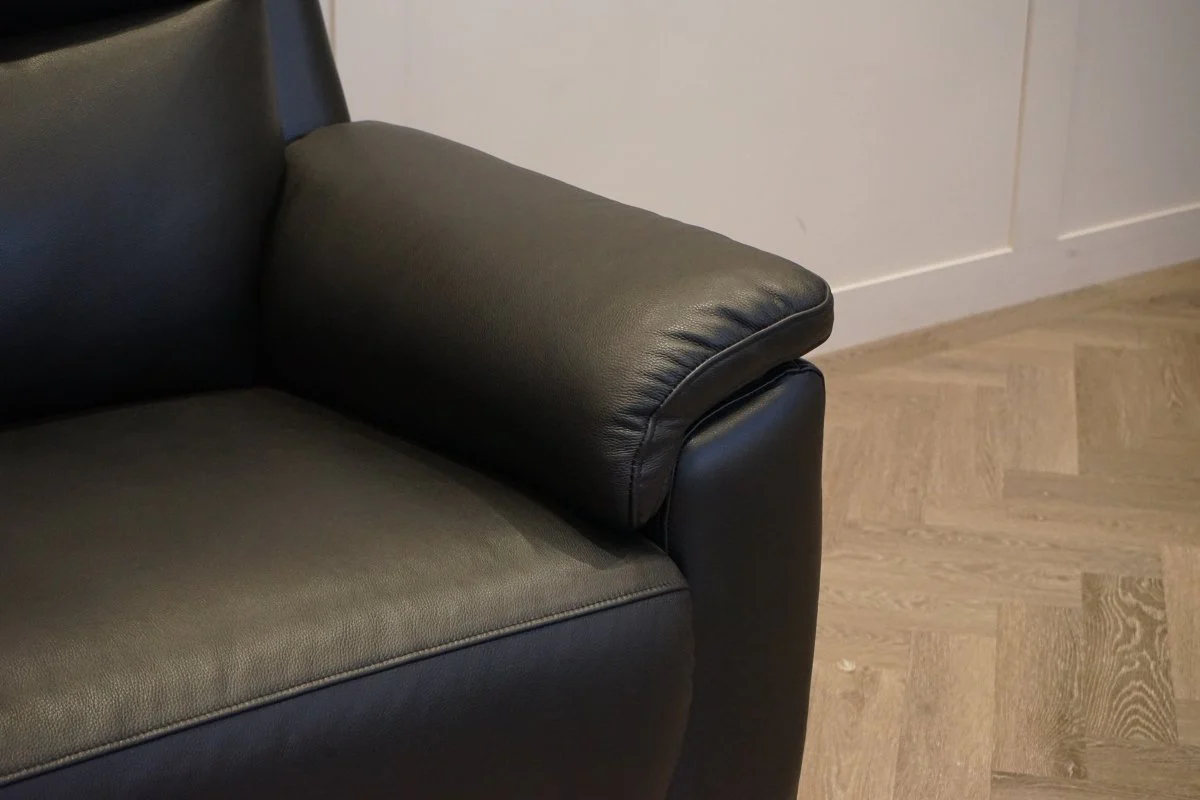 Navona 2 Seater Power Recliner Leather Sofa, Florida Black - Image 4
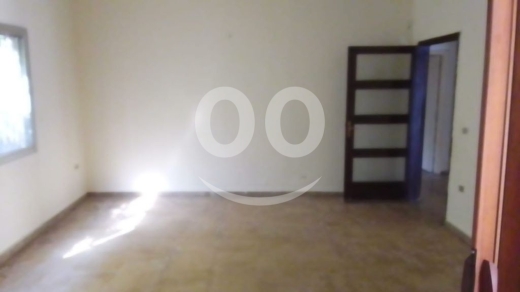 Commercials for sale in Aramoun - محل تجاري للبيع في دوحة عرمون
------
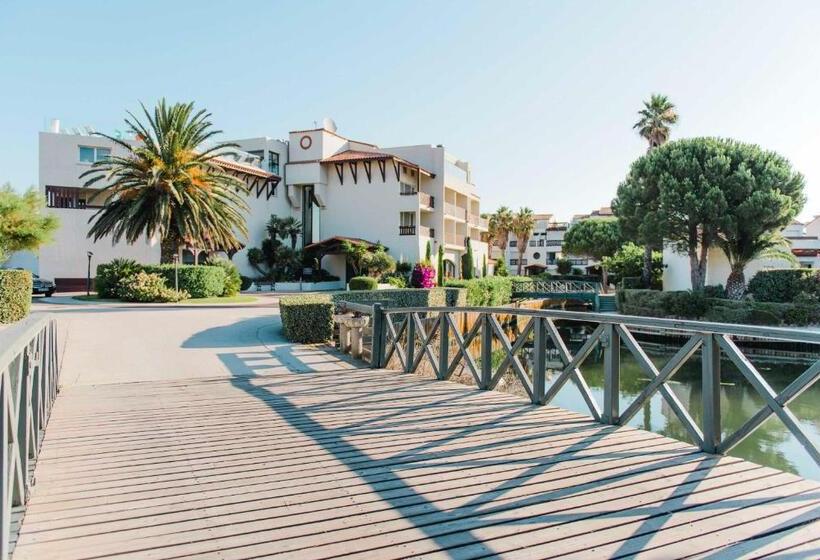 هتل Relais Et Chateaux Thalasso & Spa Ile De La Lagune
------
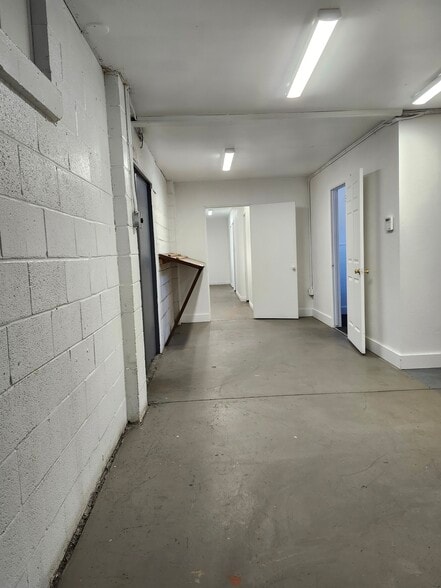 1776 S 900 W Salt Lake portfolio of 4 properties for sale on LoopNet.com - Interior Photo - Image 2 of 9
------
**Exercise**
Within the entries above, the lines from the one containing "Navona 2 Seater" through the one containing "Commercials for sale" are to be transcribed exactly, ends included, pictures excluded.

**Worked solution**
 Navona 2 Seater Power Recliner Leather Sofa, Florida Black - Image 4
 Commercials for sale in Aramoun - محل تجاري للبيع في دوحة عرمون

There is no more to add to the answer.